After the available information is collected, reviewed and analyzed, the investigator should usually report its findings directly to the institution’s management. Careful thought should be given as to how and in what manner this report should be provided. Written reports may not be advisable in some situations, because there always is the risk that a written report may be discoverable in the event of a FOIA request, litigation or a government investigation.

  1. What can you do to mitigate risk before the need for an investigation ever arises?
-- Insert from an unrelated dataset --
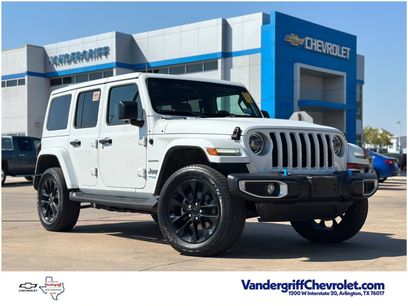 Used 2022 Jeep Wrangler Unlimited Sahara w/ Cold Weather Group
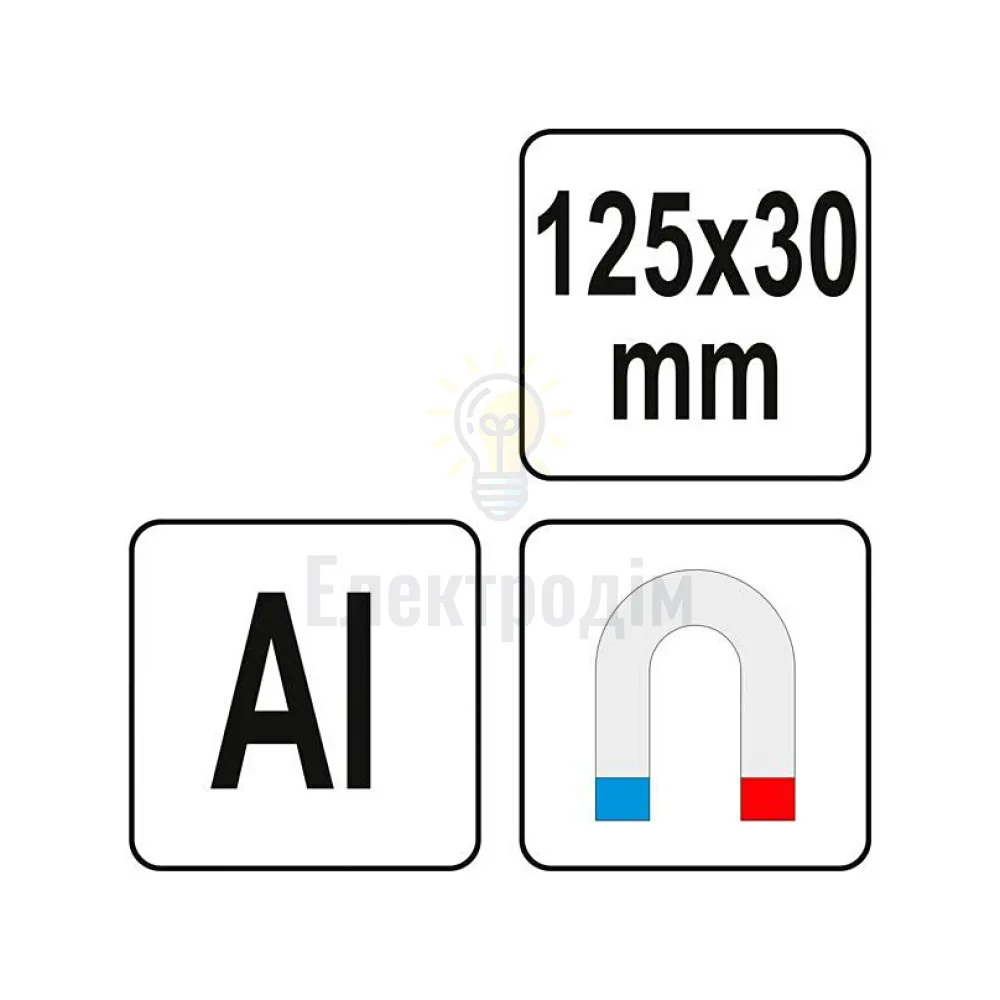 Губки змінні до лещат YATO 125 х 30 х 10 мм 97662  - фото 3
An institution can mitigate the risk of an investigation by addressing the risk of the underlying conduct, and there is a lot an institution can do in this regard. Some great approaches to reduce risk include implementing annual, mandatory training on sensitive issues (such as, for instance, discrimination, sexual harassment, and the applicable laws and regulations related to government funding) and routinely updating and revising policies and procedures manuals (including whistleblower and non-retaliation policies), which also should address an individual’s obligations to cooperate with an investigation. Another way to reduce risk is advising people to expect unannounced but periodic audits and actually conducting them. Anonymous hotlines or an online reporting system also could be adopted to help learn of situations as early as possible, and perhaps before a larger problem matures. Establishing a dedicated compliance department can help implement these measures, keep the measures current and make employees aware of their obligations. A dedicated internal audit department can help ensure that these measures are working and detect problems early to allow an institution to get out front and perhaps control how a situation develops. And the “tone at the top” set by the institution’s leaders is critical to creating a culture of compliance with policies, procedures, laws and regulations.

Unfortunately, if an institution does nothing to mitigate risk, it may face enhanced exposure and have difficulty explaining itself later. But a genuine top-down culture of encouraging people to report and disclose, without fear of reprimand, goes a very long way in protecting an institution. A useful and now-familiar phrase embodying that culture might be, “If you see something, say something.”